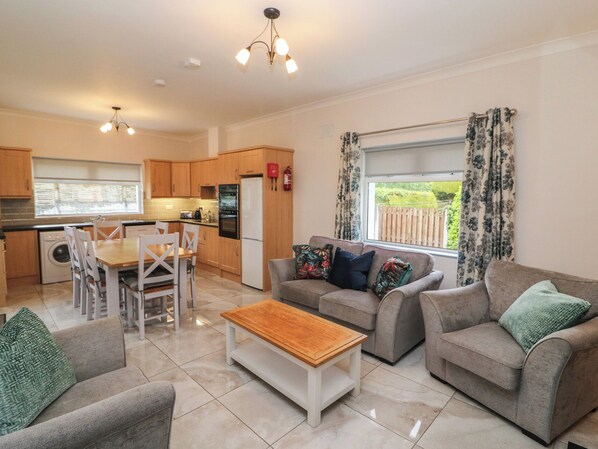 A modern kitchen with wooden cabinets, a dining area with white chairs, a grey sofa set, and a wooden coffee table.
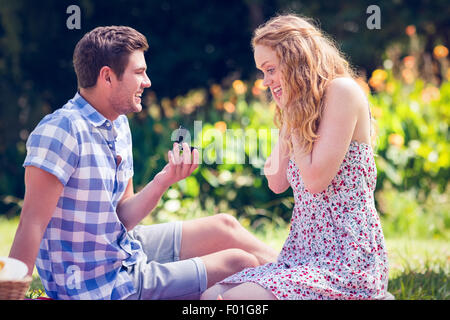 Handsome man doing marriage proposal to his girlfriend Stock Photo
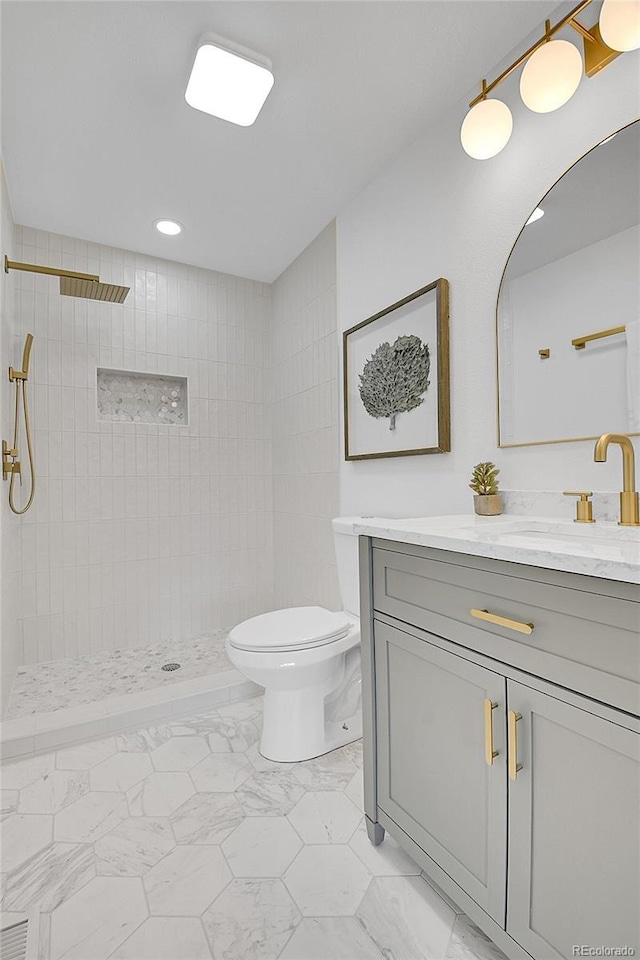 bathroom with toilet, marble finish floor, vanity, and a tile shower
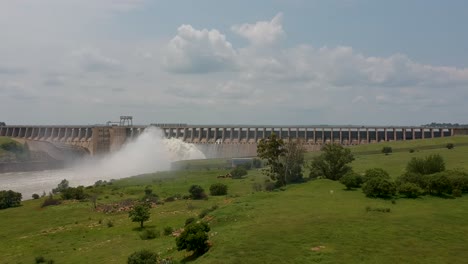 dam wall with sluice gates open 4k 30fps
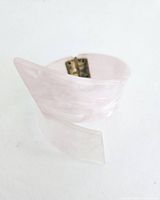 Photo showing one side of the vintage bubblegum pink Lucite wave bracelet with hinged clasp, highlighting the translucent swirled texture.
==========
Transcribe the material above in full. No picture is to be copied.

 A modern kitchen with wooden cabinets, a dining area with white chairs, a grey sofa set, and a wooden coffee table.
 Handsome man doing marriage proposal to his girlfriend Stock Photo
 bathroom with toilet, marble finish floor, vanity, and a tile shower
 dam wall with sluice gates open 4k 30fps
 Photo showing one side of the vintage bubblegum pink Lucite wave bracelet with hinged clasp, highlighting the translucent swirled texture.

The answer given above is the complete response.